The Artist: Pete Scully discusses urban sketching

Features – The Aggie

Pete Scully talks about his life as an artist

Ever since urban sketch artist Pete Scully was able to pick up a pen in his self-proclaimed “funny way,” he remembers drawing. The earliest drawings Scully remembers creating depict America through skyscrapers in New York. When Scully was around five years old in Burnt Oak of North London, his idea of a skyscraper was slightly different from what they are: he drew extremely tall buildings with broomsticks sticking out from the top in order to scrape the sky. Scully’s fascination with drawing and with drawing cities, started from this young age — despite the slight confusion regarding skyscrapers.
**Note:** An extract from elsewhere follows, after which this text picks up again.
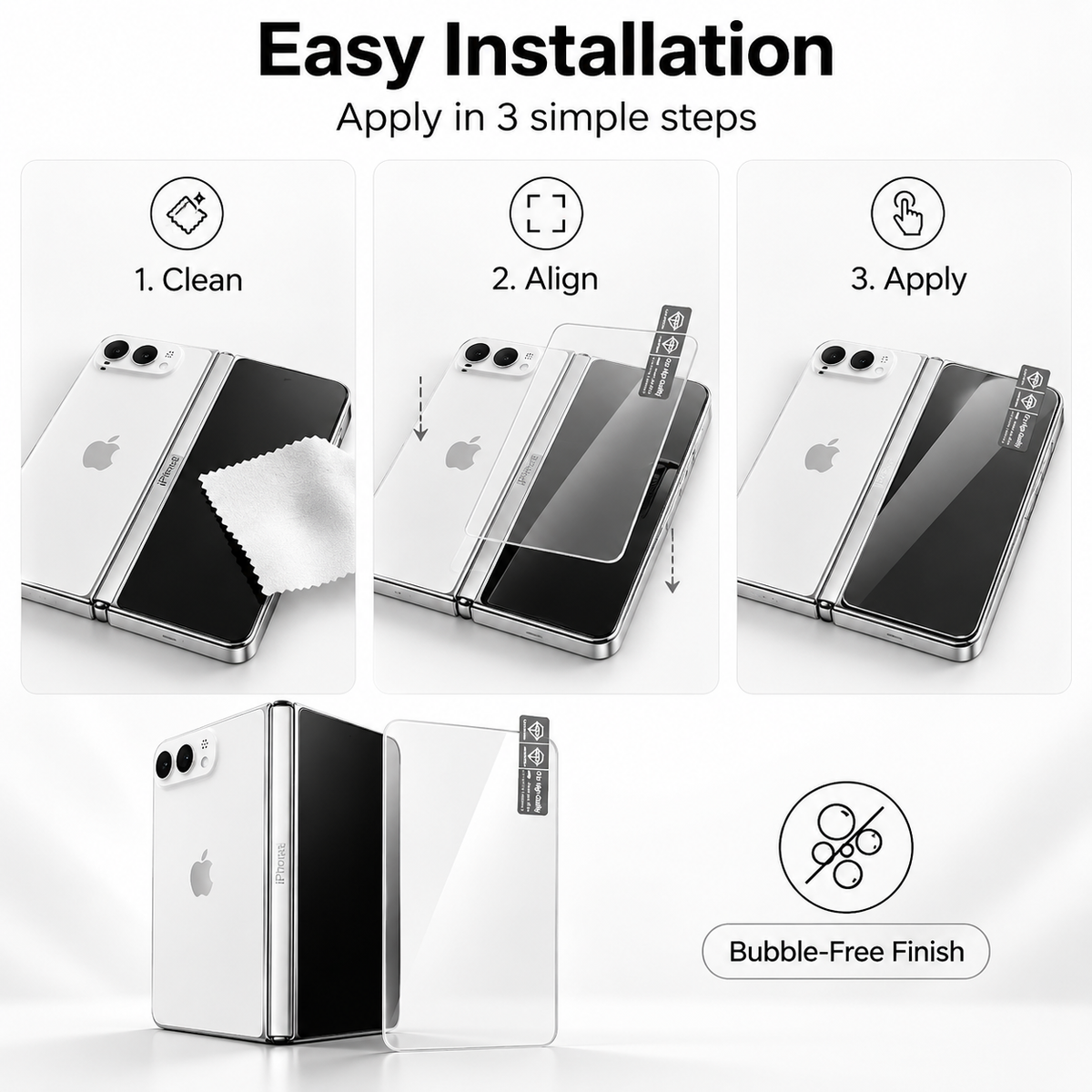Premium iPhone Screen Protector Tempered Glass 9H HD Clear Anti Fingerprint Scratch Resistant Anti Shatter AR Film 3D Coverage Compatible with iPhones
Scully, who previously worked as a graduate programs coordinator, is currently in the Department of Statistics as the management services officer. He left North London and has lived in Davis for the past 13 years, providing him ample opportunity to draw locations all over the city. His sketches started as a way to document and remember everything exciting and novel about the new place in which he lived and worked.

“It doesn’t feel so exciting now after 13 years of drawing the same buildings,” Scully said. “However, I haven’t stopped drawing Davis. I’m still finding things to draw […] When I’m drawing the same thing for several years, I’m drawing it differently. I’m drawing a different stage in its existence — it might look different. I’m also drawing it at a different stage in my existence.”

Take the Davis Farmers’ Market. When Scully first saw it, he sketched it to reflect his excitement at how it was bursting with color. In a recent sketch from 2018, only the people are in color.

In 2007, Urban Sketchers was founded and Scully was selected to be a Davis correspondent. The group was small in its inception, about 20 to 25 correspondents around the globe, and was …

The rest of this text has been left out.